The Quality of Life Initiative (QLI) requested the needs assessment survey after more than a year of work to cultivate an environment of wellbeing, healthy living and learning for students, faculty, and employees. Over the past year the group helped develop mindfulness programs, the concerts in the Pylons area, wellness program enhancements, improvements to the visual environment, and the student activity center. The goal of the needs assessment is to help the group develop plans for the next year.

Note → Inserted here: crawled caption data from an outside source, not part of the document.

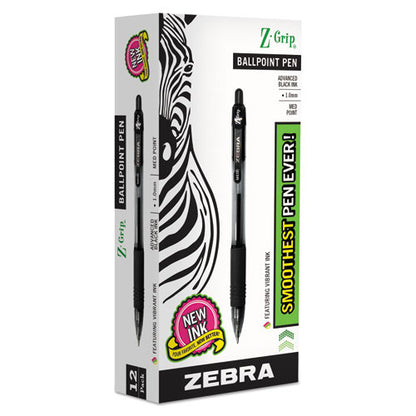 Zebra Z-Grip Ballpoint Pen, Retractable, Medium 1 mm, Black Ink, Clear Barrel, Dozen 22210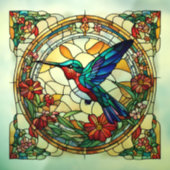 ルビーの喉を通したハミングバフェイクードステンドグラス ウィンドウサイン (シート3)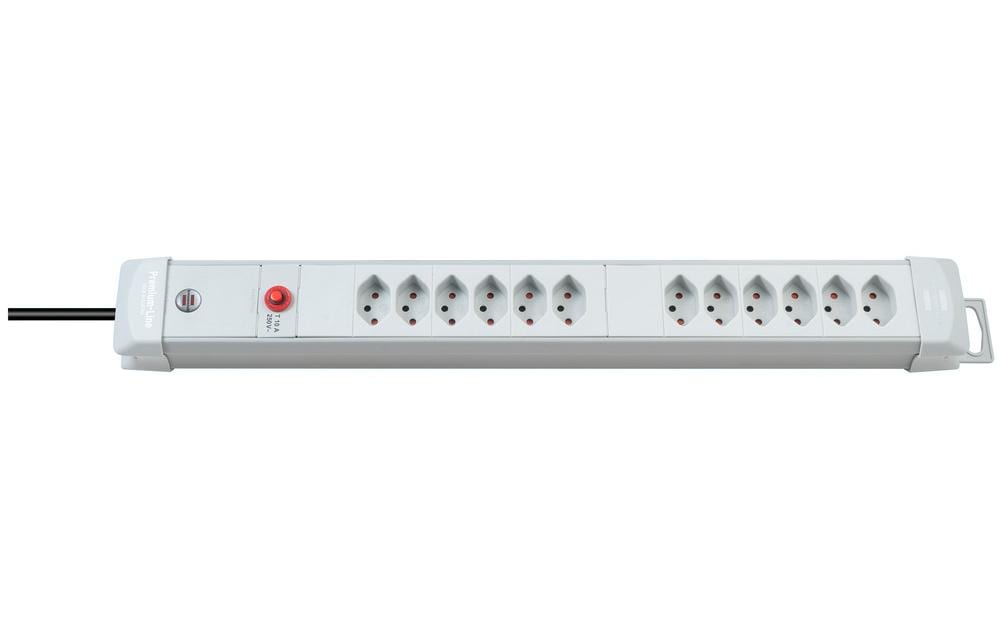 Brennenstuhl Premium-Line Steckdosenleiste 12xT13, ohne Schalter, lichtgrau, 3m Kabel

One of the key findings of the assessment is a high level of perceived stress, said QLI member Bill Reger-Nash, Ph.D., of the School of Public Health. “We asked people to tell us ‘How often do you feel stressed in your current position?’ More than 30% responded ‘A lot. I feel it almost all of the time.’”
“This number suggests that a significant percentage of the population is experiencing burnout,” Dr. Reger-Nash said. “There is obviously a need to provide people with resources to live their lives better.”
About 42% of respondents said that on 1-3 days during the previous week, they brought meaning and larger purpose into their work or school life. One in five said this connection rarely if ever happened in their workweek.
Respondents also had some specific concerns about the physical environment and safety. Many indicated a need for various types of breakout spaces, including lounges and other areas for relaxation or even brief naps. There were also suggestions for expanded opportunities for physical activity such as treadmill computer stations, spin bikes, a rock climbing wall, and indoor and outdoor spaces for quiet reflection or meditation.
Some public areas in the Health Sciences Center were identified as needing updates, especially heavily-used hallways, stairwells, and restrooms. Many respondents were also concerned with the high cost, limited variety, the lack of nutrition labels, and healthfulness of food choices available on campus.
Safety concerns include more widespread adoption of the WVU Alert program; preparation for emergency situations that might arise, including active shooter training; and the continuing abatement of the remaining spaces in Health Sciences that were built with asbestos materials in the 1950s.
The QLI group will use the survey results to develop programs throughout 2018.
The survey was conducted with technical assistance from Alfgeir Kristjansson, Ph.D., and Douglas Myers, Sc.D., of the School of Public Health.